REQUIRED WORK :: Restate exactly, and only, the lines from the one with "Bikini Cuerpo Las" through the end of the data, with both of those end lines kept. Drop any pictures.

Short descriptive text snippets:
-----

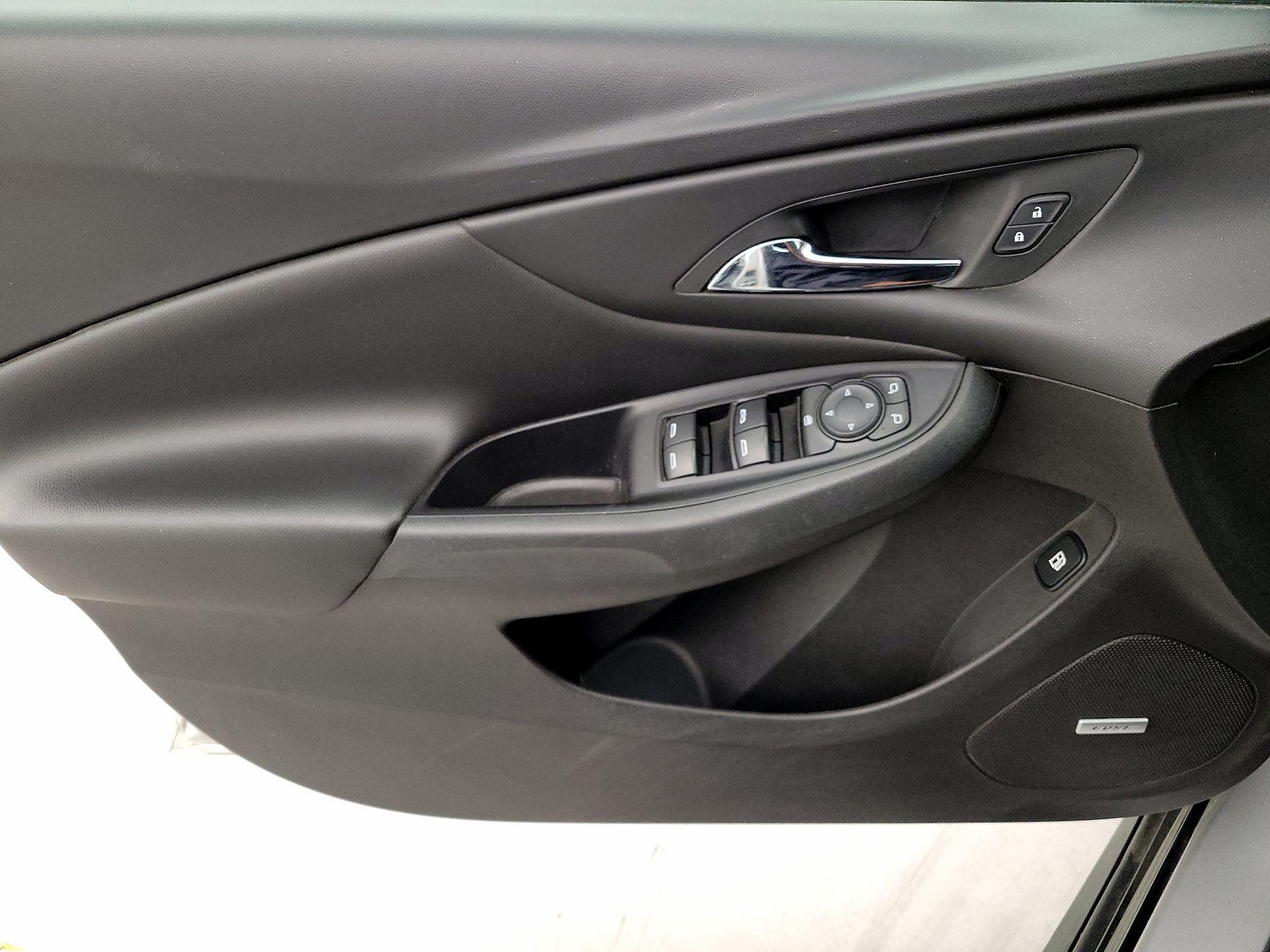 Thumbnail: 2018 Chevrolet Volt - 12
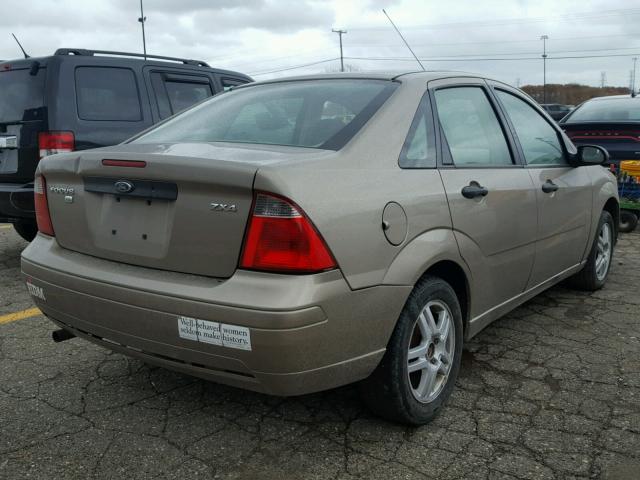 1FAFP34N95W175435 - 2005 FORD FOCUS ZX4 BROWN photo 4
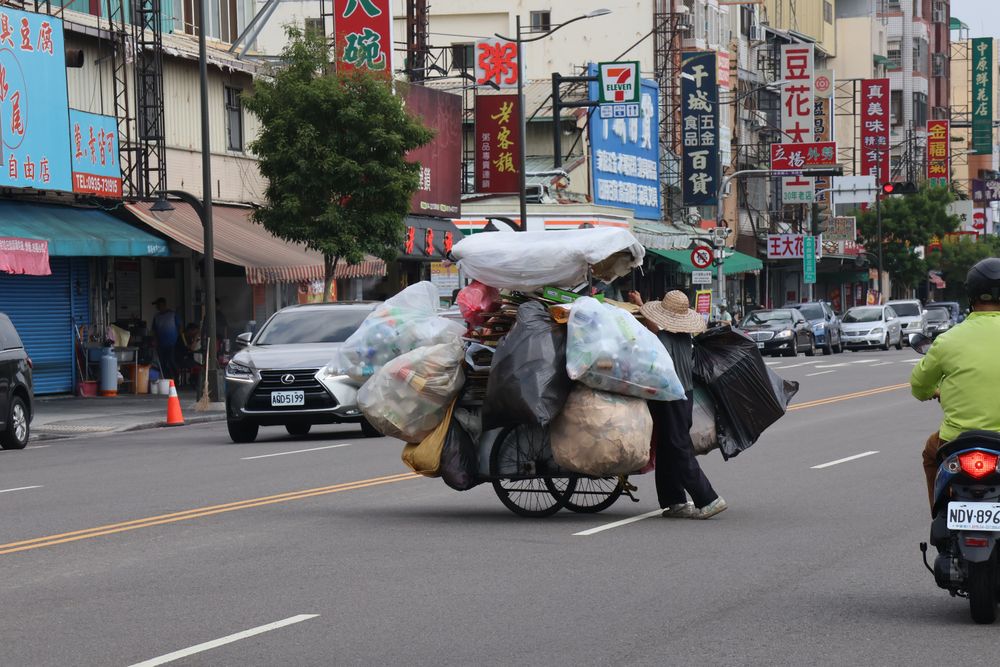 老婦突然大迴轉穿越馬路，後方車輛停下讓她通過。張喆喜攝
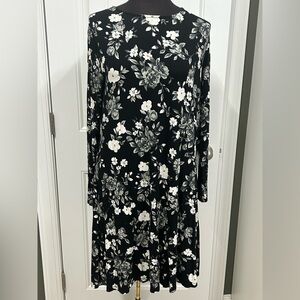 Old Navy Black and White Floral Long Sleeve Dress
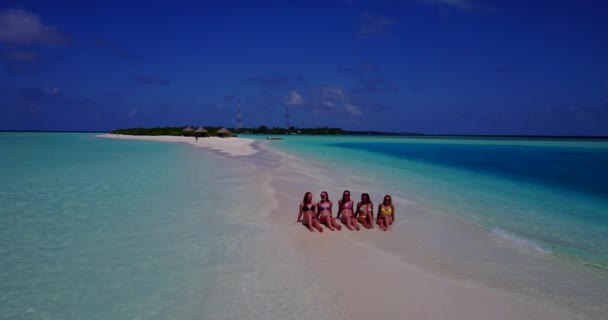 Bikini Cuerpo Las Mujeres Juguetonas Paraíso Tropical Playa Hermosas Vacaciones — Vídeo de stock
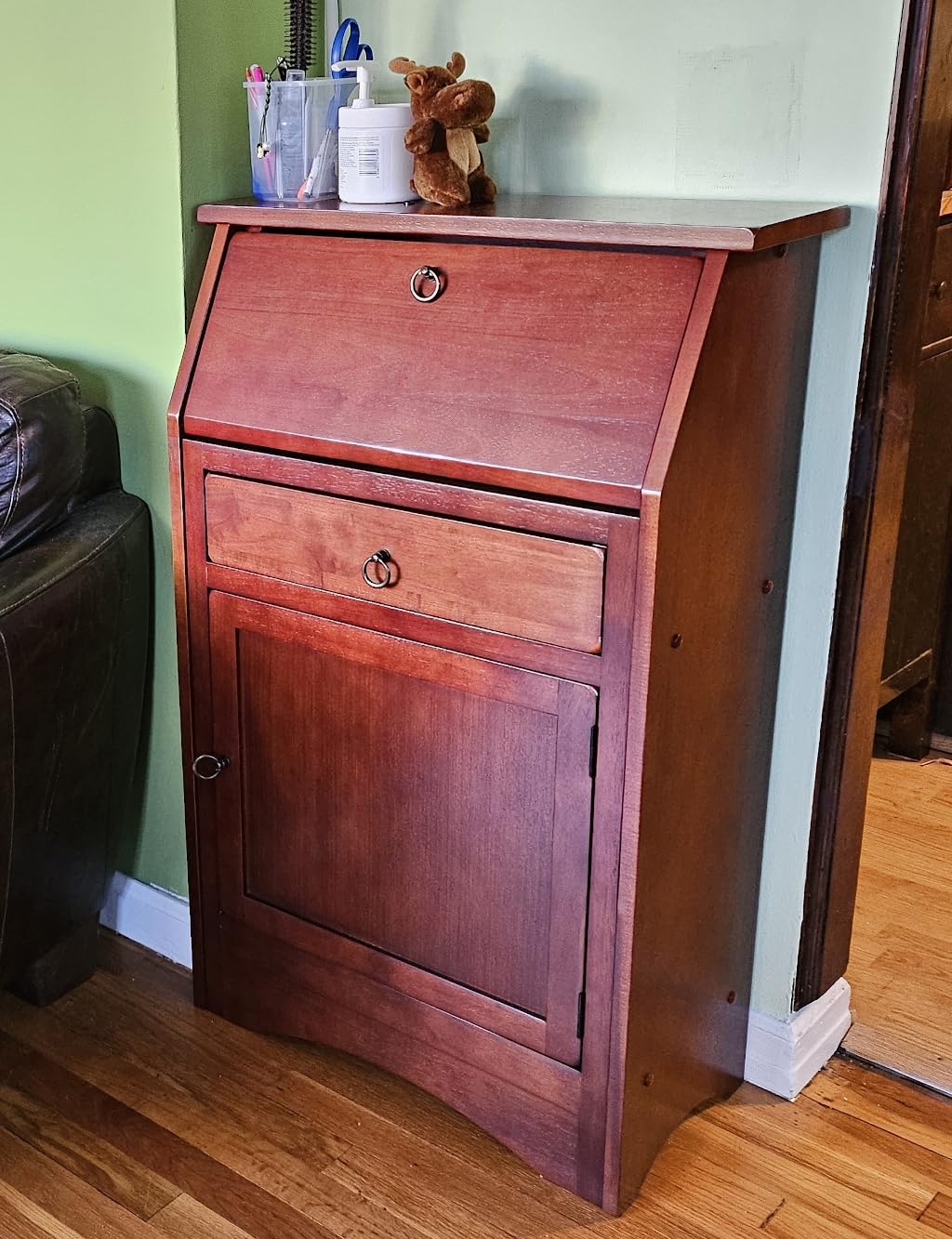 Winsome Regalia Secretary Desk, Antique Walnut | Small Writing & Work Desk for Home Office, Vanity for Bedroom, Sturdy Furniture for Students, Small Spaces, Dorms, Apartments customer photo 2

-----

FINISHED EXERCISE ::
 Bikini Cuerpo Las Mujeres Juguetonas Paraíso Tropical Playa Hermosas Vacaciones — Vídeo de stock
 Winsome Regalia Secretary Desk, Antique Walnut | Small Writing & Work Desk for Home Office, Vanity for Bedroom, Sturdy Furniture for Students, Small Spaces, Dorms, Apartments customer photo 2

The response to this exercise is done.